Rispetto alla politica di allargamento cosa pensi della linea della nuova Commissione? Junker ha dichiarato che per cinque anni l’Unione non accoglierà nessun nuovo membro: c’è chi è convinto che il Presidente abbia soltanto dato voce a un dato di fatto, ma siamo sicuri che fosse strategico esplicitarlo?
Beh sicuramente è stata un’affermazione forte, soprattutto se consideriamo che è stata una delle sue prime esternazioni pubbliche. Com’è noto Junker non è il presidente che io avrei voluto, noi come Partito Democratico avevamo appoggiato convintamente la candidatura di Martin Schulz. Per me è normale non essere d’accordo con la linea politica di questa commissione. Ciò detto, al di là delle dichiarazioni, il processo d’integrazione dei paesi balcanici non è in discussione. La discussione è come sempre sui tempi.
Non posso non chiederti cosa pensi della vittoria di Tsipras in Grecia…
Io, rispetto ad altri, chiedo sempre di capire le proporzioni della sfida che la Grecia di Tsipras ci sta ponendo. Abbiamo avuto una crisi finanziaria che si è mangiata l’economia reale: o ci rialziamo tutti insieme o non si capisce come pensiamo di farcela. Altri paesi sono riusciti a riprendersi, si guardi agli Stati Uniti, che sull’occupazione oggi hanno dei dati stupefacenti. Ma oltre oceano si è avuto il coraggio della politica, con manovre espansive e di investimento. Noi, oggi, dobbiamo chiedere un new-deal per l’Europa, e questo io mi sento di farlo insieme al governo greco. Senza rinunciare alla lotta agli sprechi e all’evasione fiscale, dobbiamo fare subito investimenti pubblici su alcuni settori chiave: innovazione, ricerca, economia verde. Ci serve un rilancio economico su un modello di sviluppo sostenibile.

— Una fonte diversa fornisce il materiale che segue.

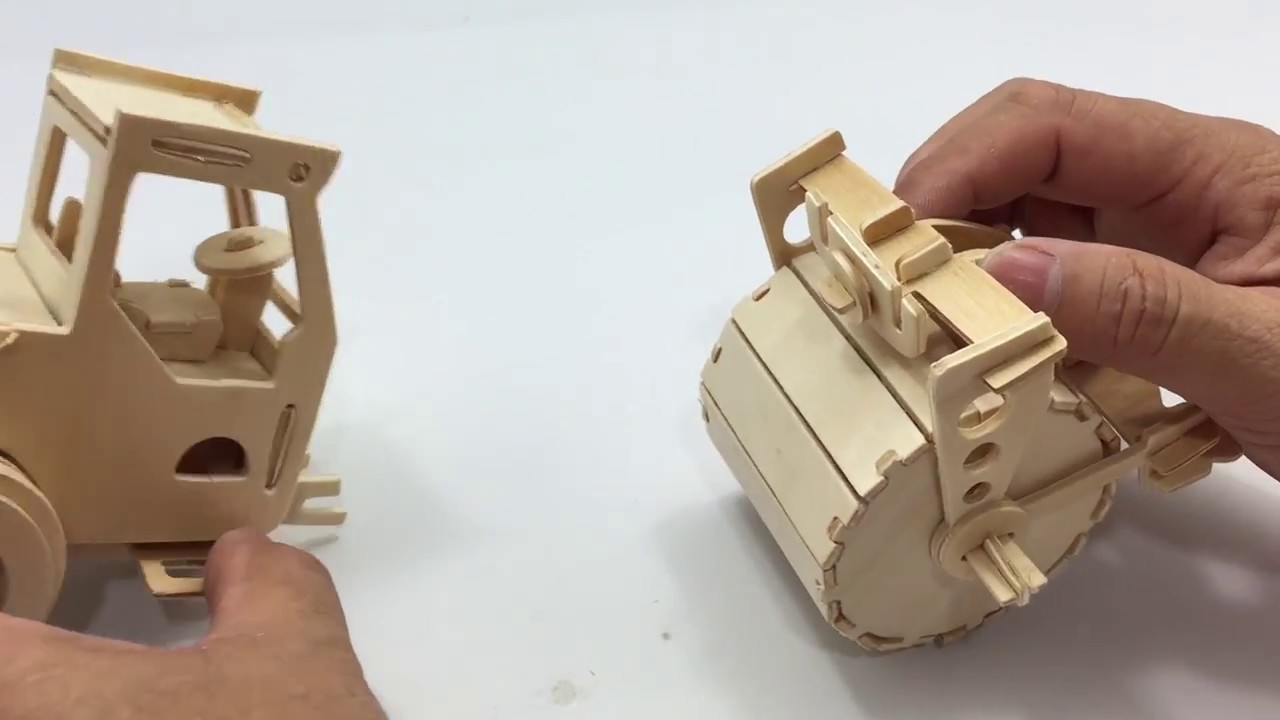 DIY Miniature Road Roller 3D Woodcraft Construction Kit YouTube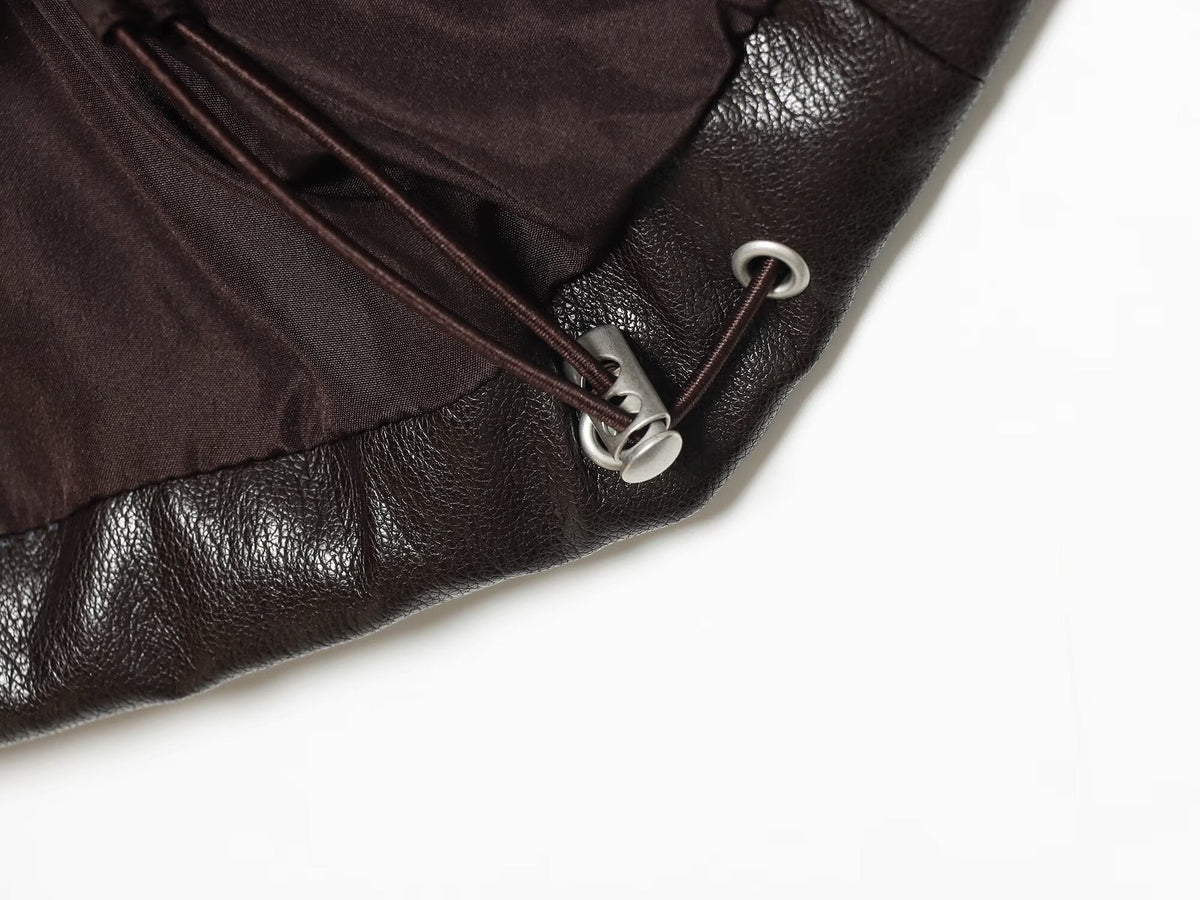 Women's leather effect pleated jacket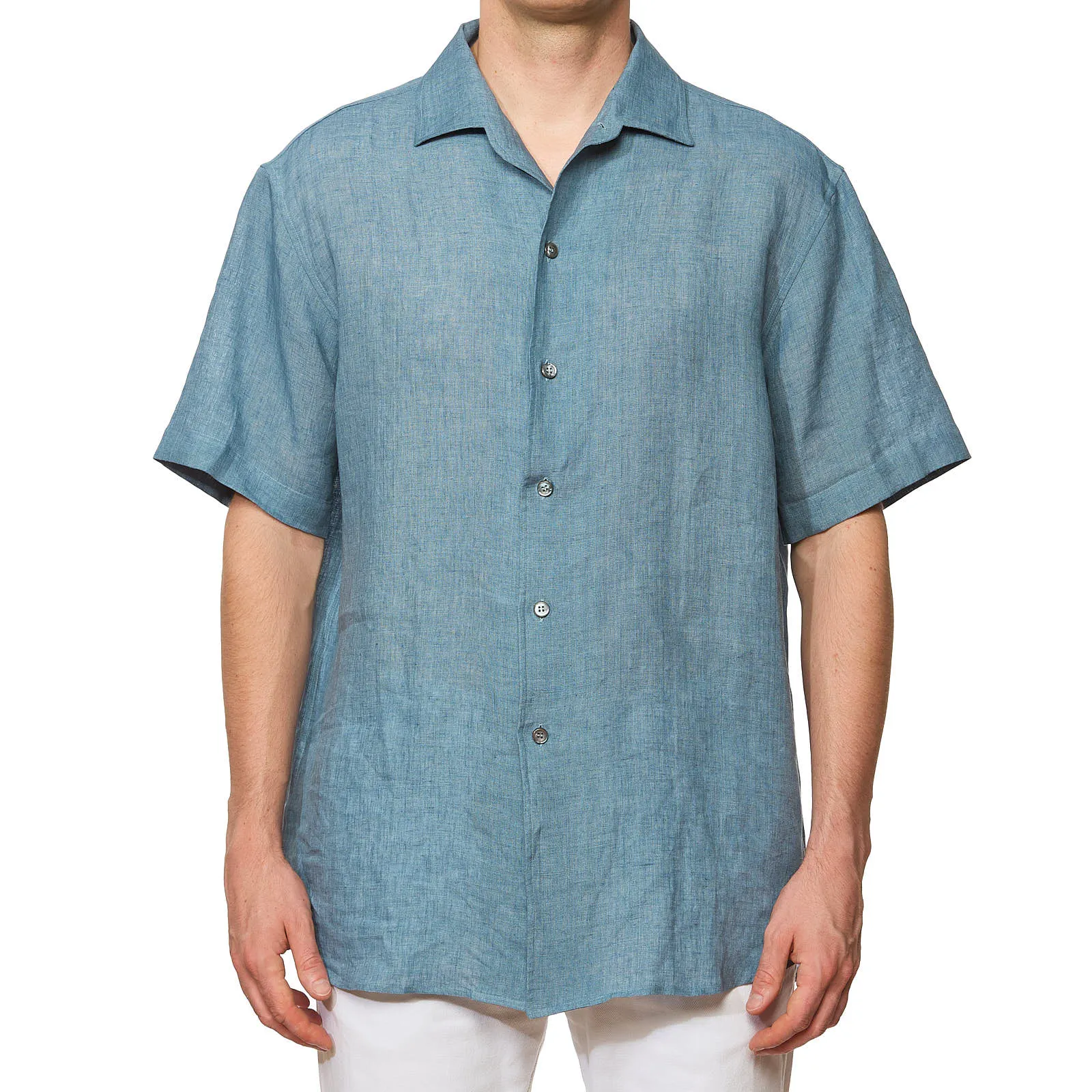 BRIONI Blue Linen Short Sleeve Shirt NEW XL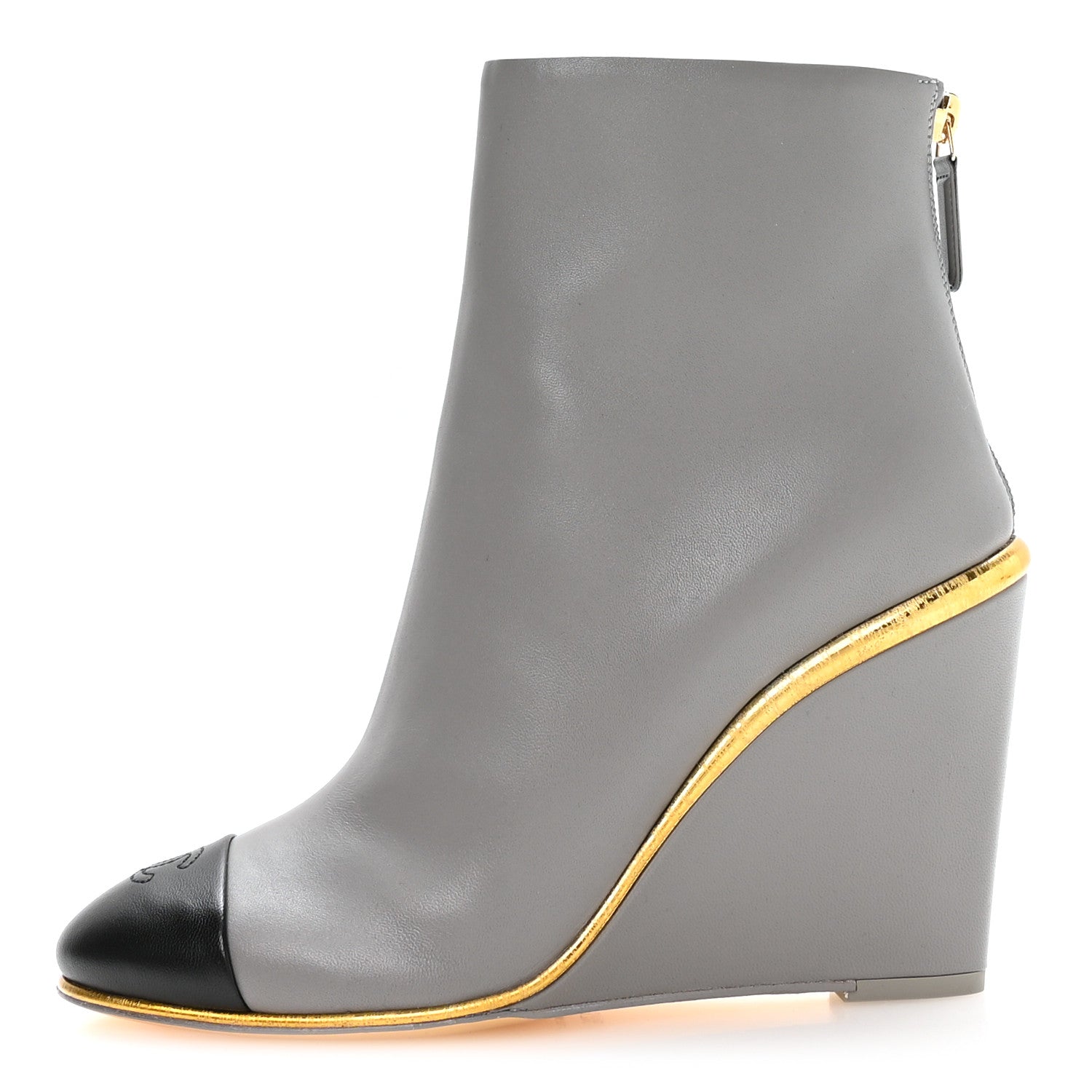 Chanel Lambskin Cap Toe Open Wedge Ankle Boots 37.5 Grey Black 1 of 9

Abbiamo fatto il mercato unico e la moneta unica pensando che il resto seguisse da sé, lasciando 28 sistemi fiscali diversi. Ma davvero possiamo pensare di vivere in un’Europa così? Abbiamo fatto l’Europa per vedere gli stati che competono per accaparrarsi le multinazionali? Per vedere le delocalizzazioni? In questo modo diventa difficile anche solo spiegare il proprio europeismo. Io sono profondamente convinta del fatto che dobbiamo muovere con coraggio verso una più piena integrazione. Dobbiamo riprendere il progetto europeo, farci ispirare dal coraggio delle origini.